Task prompt - Every line of the records that holds the word "Women" should be copied.

::::::::::

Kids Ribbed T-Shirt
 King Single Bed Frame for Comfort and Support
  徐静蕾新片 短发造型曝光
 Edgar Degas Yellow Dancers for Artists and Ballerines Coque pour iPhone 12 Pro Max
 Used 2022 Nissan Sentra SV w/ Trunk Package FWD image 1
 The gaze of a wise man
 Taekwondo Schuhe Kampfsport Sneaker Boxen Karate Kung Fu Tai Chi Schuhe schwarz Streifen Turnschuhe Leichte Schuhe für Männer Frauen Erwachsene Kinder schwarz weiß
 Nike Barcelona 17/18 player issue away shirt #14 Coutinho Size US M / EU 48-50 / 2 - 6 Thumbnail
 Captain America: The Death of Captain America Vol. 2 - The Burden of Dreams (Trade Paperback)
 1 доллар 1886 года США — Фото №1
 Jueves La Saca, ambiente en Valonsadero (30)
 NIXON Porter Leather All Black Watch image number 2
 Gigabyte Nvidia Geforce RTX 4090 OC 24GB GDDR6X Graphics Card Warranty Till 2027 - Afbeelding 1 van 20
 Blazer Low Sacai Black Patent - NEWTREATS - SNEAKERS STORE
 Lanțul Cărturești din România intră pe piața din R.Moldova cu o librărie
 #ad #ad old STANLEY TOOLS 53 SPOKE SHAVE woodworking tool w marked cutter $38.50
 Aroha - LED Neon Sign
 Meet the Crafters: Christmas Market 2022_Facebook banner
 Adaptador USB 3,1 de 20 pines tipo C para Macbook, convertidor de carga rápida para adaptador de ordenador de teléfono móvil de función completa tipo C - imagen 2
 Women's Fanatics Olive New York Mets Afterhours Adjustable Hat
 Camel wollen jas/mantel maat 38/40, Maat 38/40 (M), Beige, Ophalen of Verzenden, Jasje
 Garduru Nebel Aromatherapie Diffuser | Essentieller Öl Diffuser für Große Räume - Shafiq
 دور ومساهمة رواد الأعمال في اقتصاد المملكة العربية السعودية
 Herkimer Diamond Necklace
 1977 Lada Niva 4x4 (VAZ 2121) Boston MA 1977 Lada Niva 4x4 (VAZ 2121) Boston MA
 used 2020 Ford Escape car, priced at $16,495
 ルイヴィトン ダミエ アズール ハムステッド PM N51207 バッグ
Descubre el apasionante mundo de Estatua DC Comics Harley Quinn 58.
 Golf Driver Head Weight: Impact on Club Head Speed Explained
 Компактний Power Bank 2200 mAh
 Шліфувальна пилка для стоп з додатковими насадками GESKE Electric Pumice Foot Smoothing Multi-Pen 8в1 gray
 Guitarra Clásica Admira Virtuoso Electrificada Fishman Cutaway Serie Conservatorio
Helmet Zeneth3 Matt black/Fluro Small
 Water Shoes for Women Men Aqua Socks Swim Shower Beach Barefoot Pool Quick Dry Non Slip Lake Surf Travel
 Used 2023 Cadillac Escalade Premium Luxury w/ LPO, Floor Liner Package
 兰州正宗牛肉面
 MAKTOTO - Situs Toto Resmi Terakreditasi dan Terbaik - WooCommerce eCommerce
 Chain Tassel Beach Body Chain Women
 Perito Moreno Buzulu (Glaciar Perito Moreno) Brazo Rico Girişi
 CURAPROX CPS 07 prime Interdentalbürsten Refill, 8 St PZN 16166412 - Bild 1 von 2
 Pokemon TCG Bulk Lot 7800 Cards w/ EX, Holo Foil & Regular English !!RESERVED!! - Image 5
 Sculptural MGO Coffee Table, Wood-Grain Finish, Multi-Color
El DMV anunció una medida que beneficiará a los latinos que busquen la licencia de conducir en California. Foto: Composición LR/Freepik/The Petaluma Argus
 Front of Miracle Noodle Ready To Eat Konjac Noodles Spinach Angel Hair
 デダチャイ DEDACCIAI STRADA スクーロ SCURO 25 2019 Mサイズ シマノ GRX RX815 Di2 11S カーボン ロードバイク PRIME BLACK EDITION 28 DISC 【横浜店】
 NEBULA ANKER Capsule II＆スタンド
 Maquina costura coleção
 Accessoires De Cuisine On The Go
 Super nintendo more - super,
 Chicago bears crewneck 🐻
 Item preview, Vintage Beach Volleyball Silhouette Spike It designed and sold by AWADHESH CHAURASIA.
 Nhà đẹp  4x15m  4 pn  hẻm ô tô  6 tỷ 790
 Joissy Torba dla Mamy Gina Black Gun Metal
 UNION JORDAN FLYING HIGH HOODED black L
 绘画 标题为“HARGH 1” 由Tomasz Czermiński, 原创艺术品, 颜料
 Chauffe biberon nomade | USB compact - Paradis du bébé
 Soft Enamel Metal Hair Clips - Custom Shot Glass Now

::::::::::

Answer to the exercise -
 Women's Fanatics Olive New York Mets Afterhours Adjustable Hat
 Water Shoes for Women Men Aqua Socks Swim Shower Beach Barefoot Pool Quick Dry Non Slip Lake Surf Travel
 Chain Tassel Beach Body Chain Women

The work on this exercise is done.